On Saturday, January 11, the National Intelligencer announced:

"Mr. Carbery is yet Mayor of our City. Though the verdict of the Jury is against him, the Court has not yet delivered its judgment accordingly. We have not heard whether Mr. C. will take an appeal to the Supreme Court."

Mr. Carbery's promise to relinquish the honorable office if the Court decided against him, if he made it at all, he forgot; or, if he remembered it, the consequence of turning the government over to the other political side was fraught with such disaster to the city he could not think of such a thing. However, his political opponents did not press the performance of the promise. The case is reported in Cranch's Circuit Court Reports, 2, 358. The concluding paragraph is:

"Verdict for the relator; who thereupon filed an information in the nature of a quo warranto, in the name of the Attorney of the United States, but it was never prosecuted, as the term for which the mayor was elected expired on the first Monday of June, 1824, and it could hardly be expected that the proceedings upon the quo warranto would be terminated before that day."

During the Carbery mayoralty, many years before and many afterward, with great zeal, were celebrated the Birthday Anniversary and Independence Day. A parade there was. Sometimes a prize poem. Always a public dinner, a feast with countless toasts. The Mayor usually presided at the dinner. Captain Car

bery did during his term, and so courteous and courtly was he, he was impressed into this pleasant presidency out of his term.

Captain Carbery was the chairman of the Fourth of July committee, 1822.

The newspaper account has:

"The City Dinner took place at Strother's, and was provided with an abundance and taste that did credit to the hotel. The Mayor of the City presided, assisted by Gen. J. P. Van Ness as Vice-President. A respectable number of citizens partook of the feast, amongst whom were all the heads of Departments, and other officers of the government. Most of the representatives of foreign nations, resident here, accepted of the invitation which was given to them, and attended."
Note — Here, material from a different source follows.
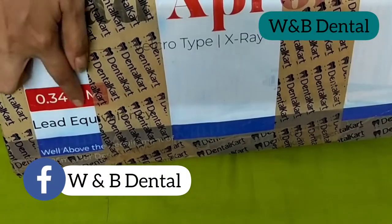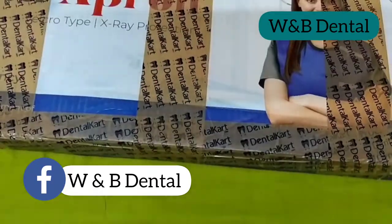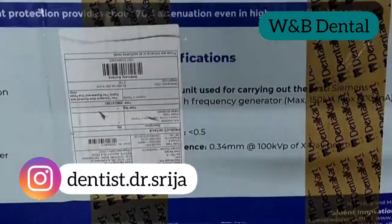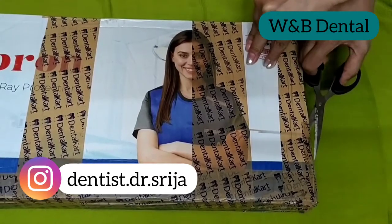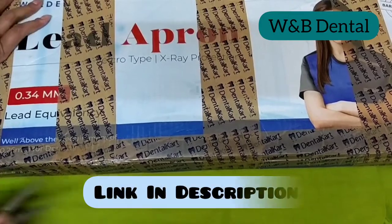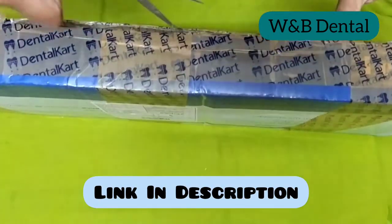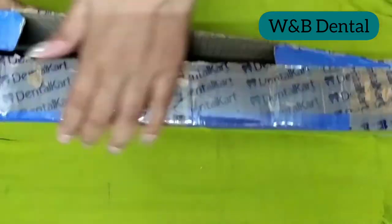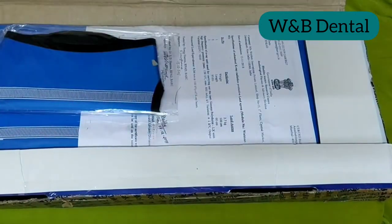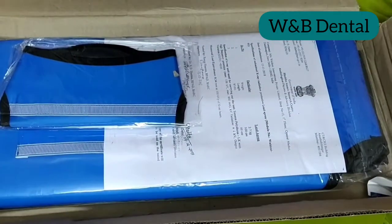Hello everyone, welcome to my channel. Today let's unpack the Walden dental lead apron and thyroid shield collar, which I recently bought from Dental Card at rupees 2,995. It includes one lead apron, one hanger, and one thyroid shield collar.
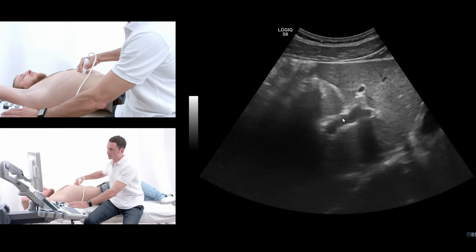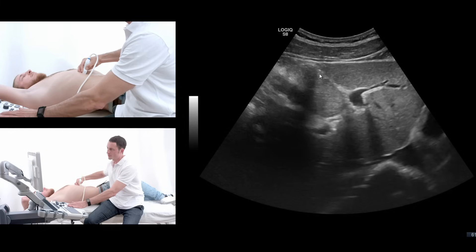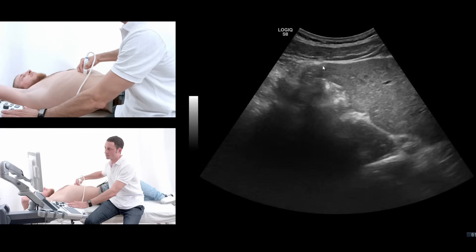The next structure you can evaluate here is this echogenic line that is between the right and left liver lobe. This is the interlobar ligament, which ends in the teres hepatis ligament.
The toasts were thirty-four on this occasion. That by the President of the day-"The plan of our Federal Government-May it be handed down to the latest posterity, in the purity of Republican simplicity." That to the President of the day-"Our President, and Mayor of the city.-We confidently believe that the discharge of his official duties, in his latter capacity, will be as able and indefatigable as his deportment today has been polite and affable.”

The Independence Day of 1823.-Of the committee of arrangements, Thomas Carbery, Esq., was chairman and Alexander Kerr, secretary. Colonel Henry Ashton was the orator, and General John P. Van Ness read the declaration.

In the National Intelligencer, Wednesday, June 5, 1822, is the announcement that the offices of the Mayor and the Register are removed to the City Hall, where also the two Boards of the City Council will meet on Monday next and hold their sessions hereafter. At that date the central portion of the original building was complete.

The total vote for the mayoralty was 729. The population of the city according to the census, 1820, was: white, 4,786 males, 4,820, females; slaves, males 880, females 1,065; free colored, 750 males, 946 females; a grand total of 13,247. The tax on real estate was one half of one per cent. on the estimated value, which is on a basis of one half of the existing rate of taxation.

The play during the Carbery mayoralty was well patronized if the sparse population is considered. For in the newspaper is "In consequence of the very great applause with which the 'Wandering Boys' was received, the public are respectfully informed it will be repeated on Saturday evening (July 27, 1822).” A year later (Thursday, September 24) was at Washington Theater, "Mr. and Mrs. Jefferson's Benefit," to conclude with an absurd farce called the "Lady and the Devil." Some of the titles of the plays must have been productive of curiosity, as "Wives as They' Were and Maids as They Are" (April 8, 1824). A little while before the Carbery administration this, the Washington Theater, was opened, to wit: August 8, 1821. It was located on the south side of Louisiana Avenue between 4 and 6th streets, and was known finally as Canterbury Hall. In the square south of the theater was built about the same time the Circus. These places of amusement seated seven to eight hundred respectively.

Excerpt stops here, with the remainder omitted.